*** Exercise inputs

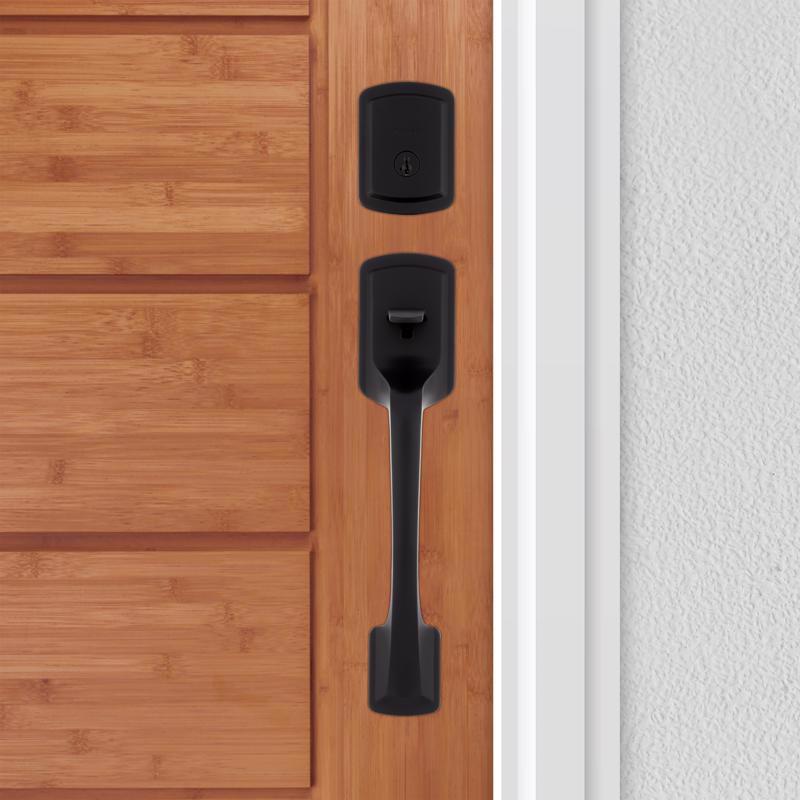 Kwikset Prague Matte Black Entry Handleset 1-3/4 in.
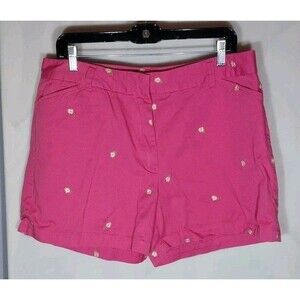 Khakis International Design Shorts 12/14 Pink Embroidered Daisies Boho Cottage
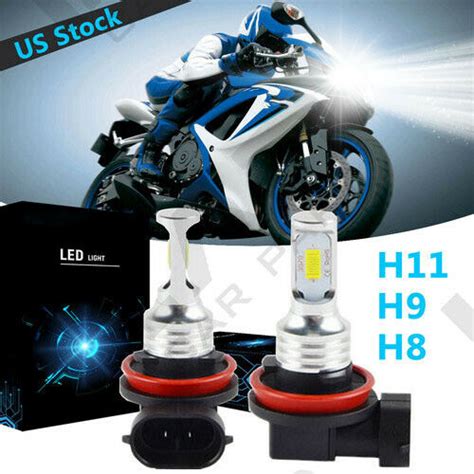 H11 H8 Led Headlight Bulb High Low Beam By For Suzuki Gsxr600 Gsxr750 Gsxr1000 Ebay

******
*** Exercise inputs

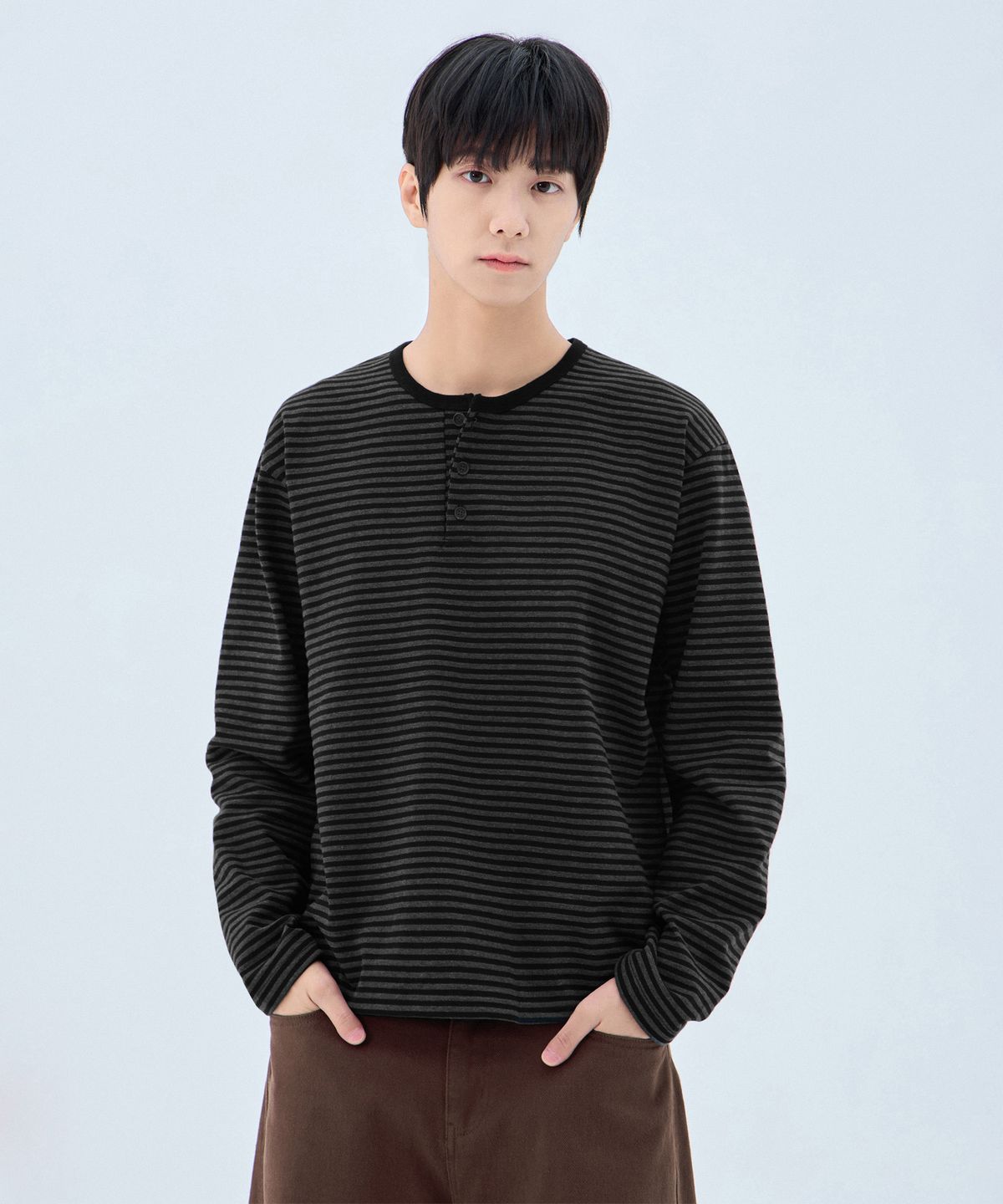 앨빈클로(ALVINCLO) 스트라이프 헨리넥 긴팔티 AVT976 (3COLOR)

******

Task: Exactly the lines above from the one that contains "Kwikset Prague Matte" down to the one that contains "H11 H8 Led Headlight" are to be output, both ends kept and pictures omitted.

Solution to this task:
 Kwikset Prague Matte Black Entry Handleset 1-3/4 in.
 Khakis International Design Shorts 12/14 Pink Embroidered Daisies Boho Cottage
 H11 H8 Led Headlight Bulb High Low Beam By For Suzuki Gsxr600 Gsxr750 Gsxr1000 Ebay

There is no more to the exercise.